Canal+ gives MultiChoice €100 million lifeline as DStv subscribers decline.
  • Canal+ has a announced a €100 million growth plan to revive MultiChoice amid subscriber decline
  • The French media plans to hire 1,000+ sales staff across Africa to drive subscriber growth
  • MultiChoice had shut down in 2025 with 14.4 million subscribers, down from 14.9 million the previous year citing currency devaluation in Nigeria, power cuts, Showmax failure, and content inflation

French media giant Canal+ has announced a €100 million plan to revive growth at African pay-TV operator MultiChoice Group, the company behind DStv and GOtv.

Canal+, which completed its acquisition of MultiChoice late last year, revealed the lifeline in its 2025 financial results released on Wednesday, March 11.

According to the report, MultiChoice experienced a significant decline in both subscribers and revenue in 2025, largely due to challenging operating environments in key markets, including Nigeria. 

The company ended 2025 with 14.4 million subscribers, down from 14.9 million a year earlier.

Revenue also dropped 6% to €2.4 billion, while adjusted earnings before interest and tax fell 14% to €159 million.

“After experiencing impressive growth from 2010 to 2023, MultiChoice has faced challenges since the combined effects of macro-economic factors (e.g., currency devaluation in Nigeria, power cuts), a difficult transition to OTT with the expensive failure of Showmax, and strong inflation across most cost items, especially content, negatively impacted its profitability,” the company stated.

The report noted that short-term measures, including reducing subscriber acquisition subsidies and increasing prices, had been implemented to address the situation. 

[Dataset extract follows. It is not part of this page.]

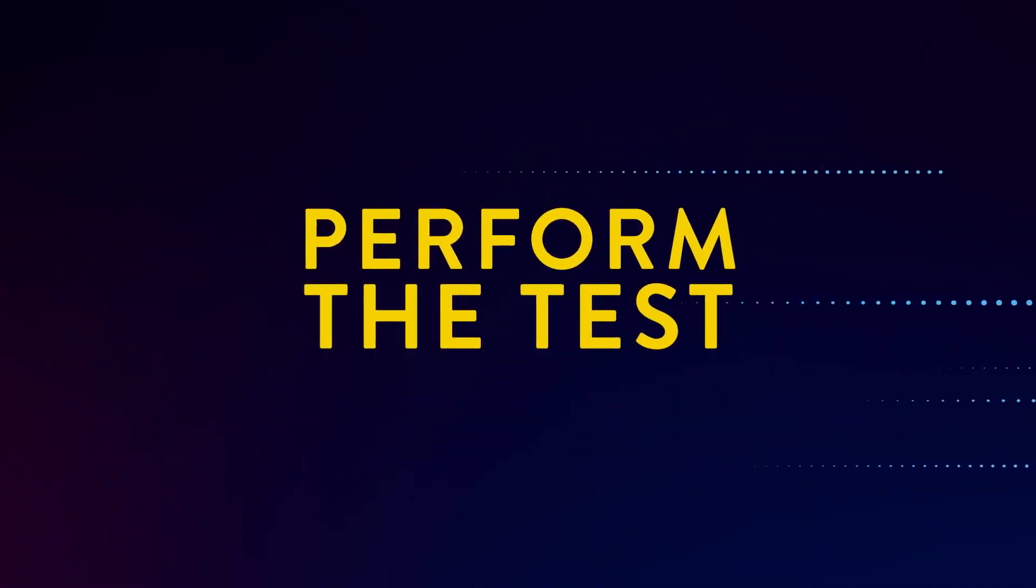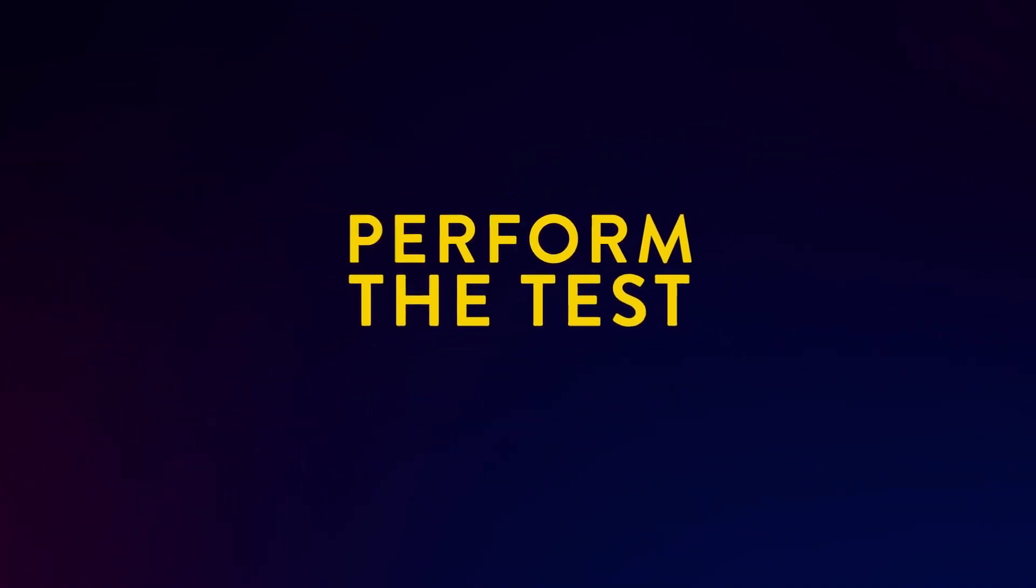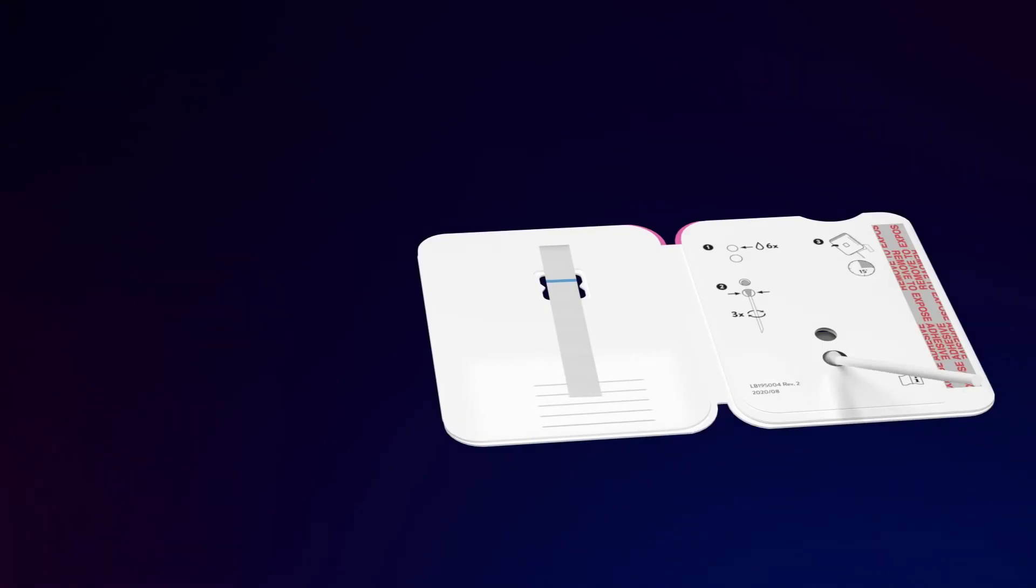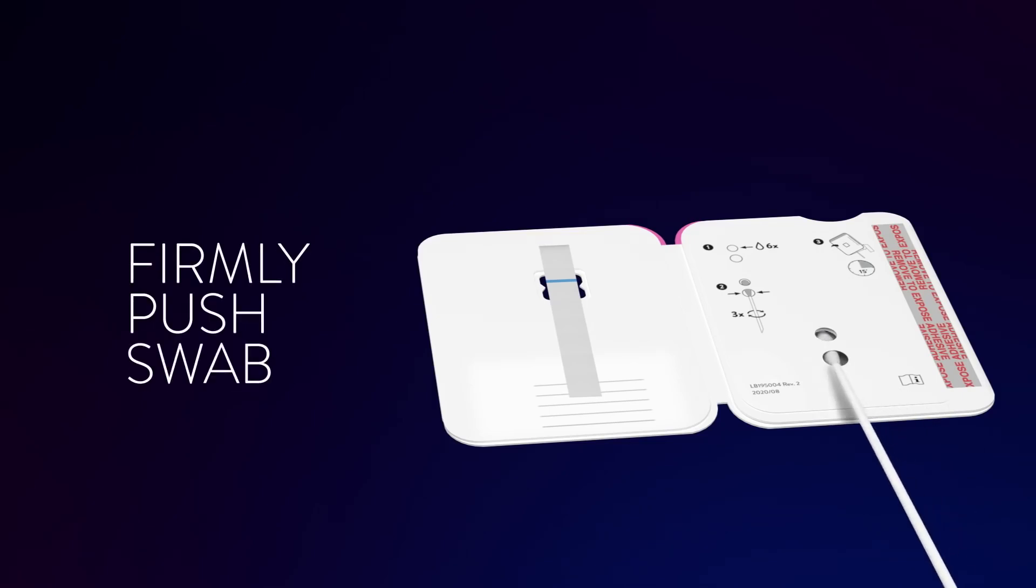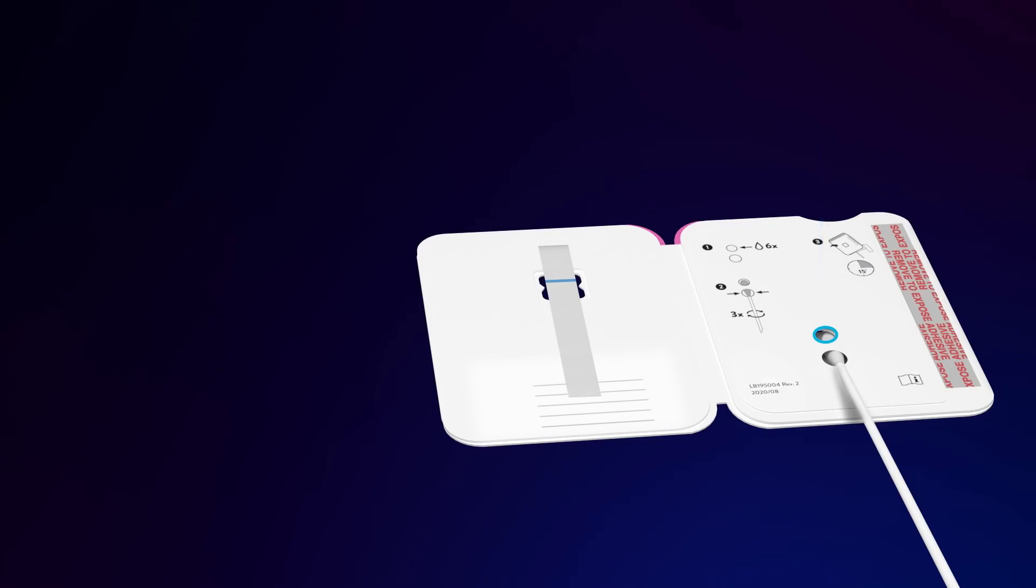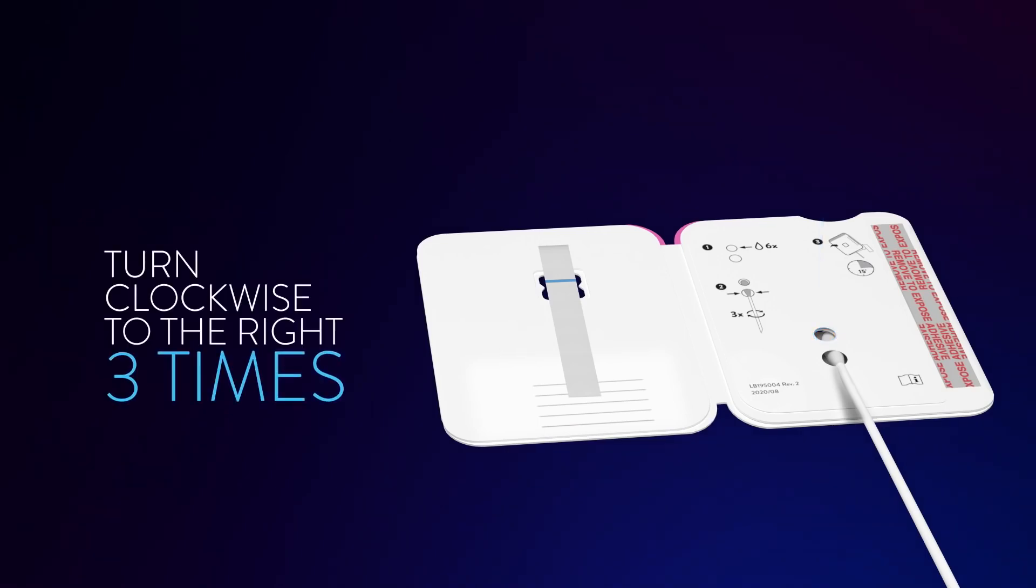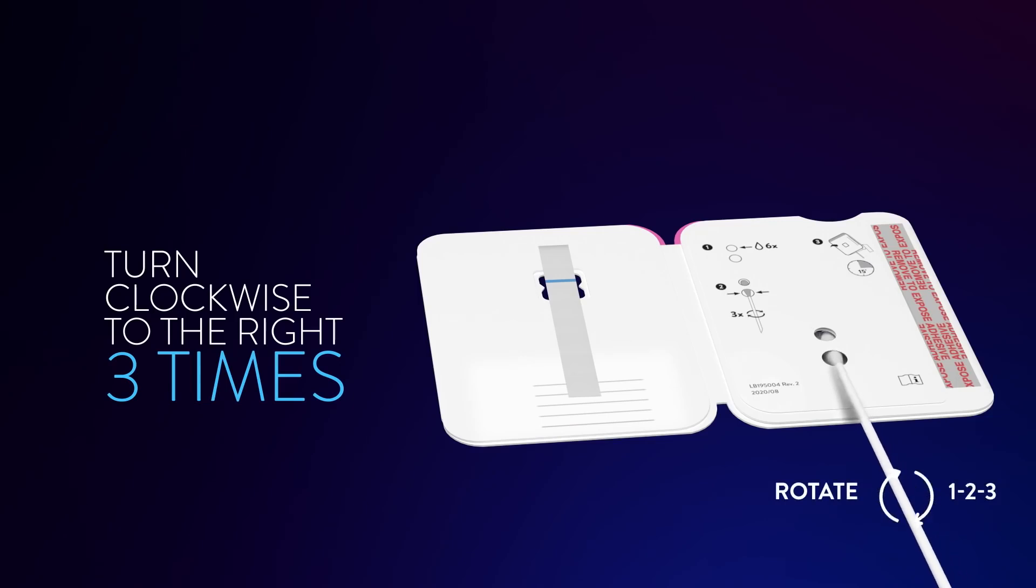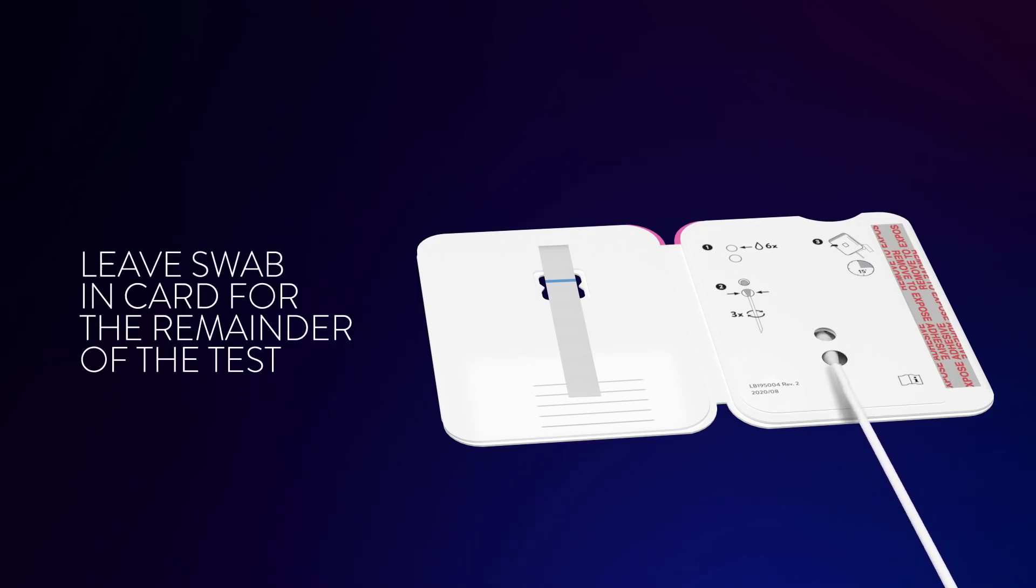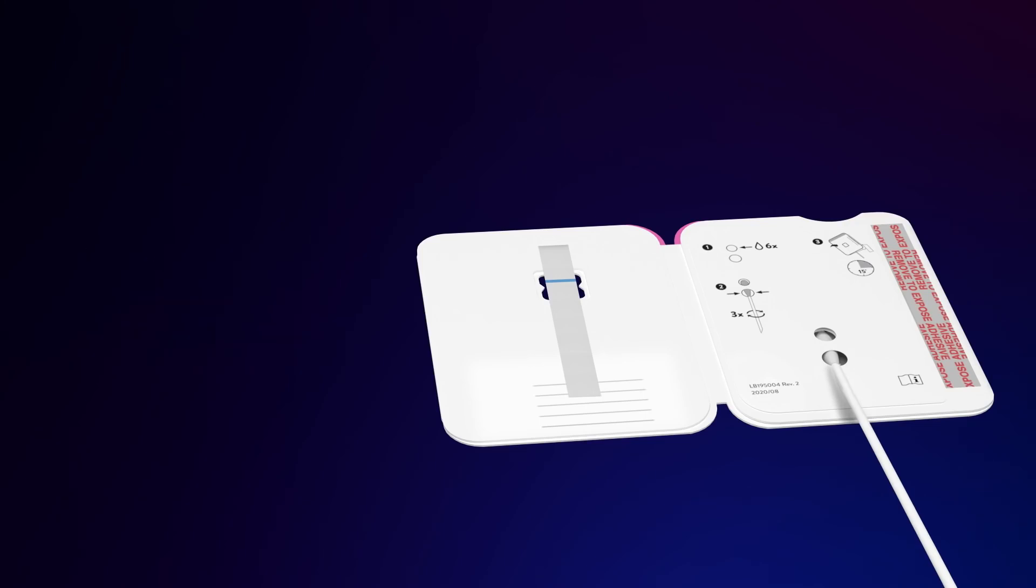Next, perform the test. Keep the card flat on the table. Insert the swab tip into the bottom hole. Firmly push the swab tip from the bottom hole until it is visible in the top hole. Do not remove the swab from the card. Turn the swab to the right, clockwise, three times to mix the swab with the drops. Do not skip this step. Leave the swab in the card for the remainder of the test.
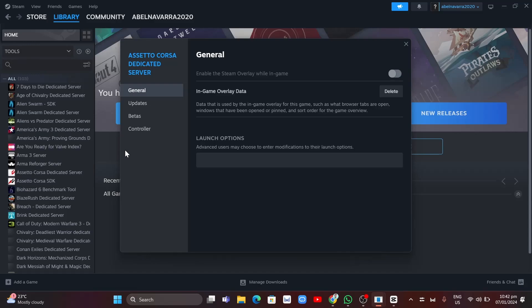If the problem persists, you want to delete any conflicting VR software with Steam.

However, these actions negatively impacted the subscriber base, compounding existing profitability issues.

“MultiChoice is facing a €140 million negative impact in 2026 from inertia of subscriber base driving decrease in revenues, and from cost inflation. To restart subscriber growth, CANAL+ will launch a growth boost plan by investing around €100 million,” the company said.

As part of this growth push, Canal+ intends to hire more than 1,000 sales staff across African markets, shifting MultiChoice towards a more sales-driven approach to attract new subscribers.

This development follows Canal+’s full acquisition of MultiChoice, a deal valued at about $3 billion and finalized in September last year, significantly expanding the French broadcaster’s global pay-TV presence.

The combined group now serves over 40 million subscribers across nearly 70 countries spanning Africa, Europe, and Asia, employing roughly 17,000 people.

Canal+ also indicated that it would outline a detailed integration strategy, including operational synergies and growth plans, during a strategic update scheduled for the first quarter of 2026.

TheRadar earlier reported that Canal+ plans to discontinue Showmax, the streaming platform previously operated by MultiChoice, as part of broader cost-cutting measures.

Launched in August 2015 as a pan-African streaming service to compete with Netflix, Apple TV+, Amazon Prime Video, and Disney+, Showmax struggled to achieve profitability. In MultiChoice’s last financial results before the Canal+ takeover, trading losses from the platform had expanded by 88%, while revenue from the service declined.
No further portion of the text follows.